One of the great things about Campus Reform is that we're equal opportunity promoters of conservative and libertarian leadership of all stripes. Sure, we all have our own pet issues and so do the student and youth leaders we assist. But whatever combination of hot buttons push your buttons, as long as they somehow reach the core of free markets, limited government, a strong national defense or traditional values, we want to help you succeed.
It'd be silly for anyone to tell you there is one kind of young conservative out there. There are more than can be counted: from traditionalists, libertarians, neoconservatives, paleoconservatives, and even Objectivists just to name a handful. What's always amazed me is the broad intellectual diversity of the conservative movement.
That said, there are definite trends in the growth of the movement that we've received a first-hand look at out in the field. The next generation is making their preferences known in the 2012 Presidential caucuses and primaries.
If voters 18-30 decided who would represent the GOP in 2012, Texas Congressman Ron Paul would win convincingly, winning nearly 50% of that voting group in Iowa and New Hampshire and a smaller but substantial first place share in South Carolina.

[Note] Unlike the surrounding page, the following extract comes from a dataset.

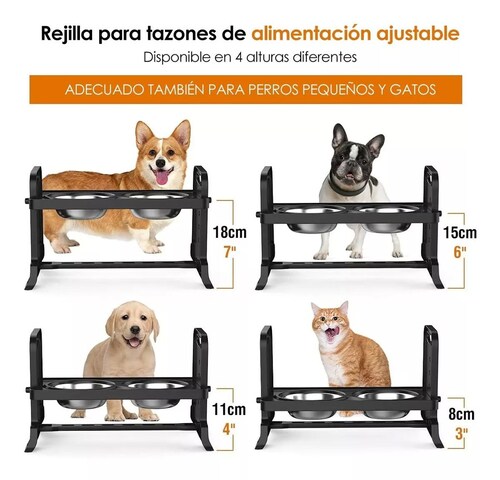 Comedero Elevado Bebedero De Agua Para Perros Gatos Mascota.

But this isn't just a sign that young people like Paul as a better personality than the other candidates. His agenda and issue positions are in stark contrast to the others and are the main driver of his efforts.

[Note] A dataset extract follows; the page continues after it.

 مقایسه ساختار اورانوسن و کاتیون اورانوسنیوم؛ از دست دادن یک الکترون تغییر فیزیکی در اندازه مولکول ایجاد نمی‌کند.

Some older voters and activists might write this off as youthful idealism at work, since Paul's uncompromising views on social and foreign policy often run sharply counter to the existing Republican mainstream. But, in fact, Paul's statistical victories represent a change in attitude that could already be noticed on college campuses for the last several years. And if history is any guide, it is worth remembering that naysayers have been wrong before, when past conservative champions like Goldwater and Reagan also gave rise to unlikely, but lasting youth movements.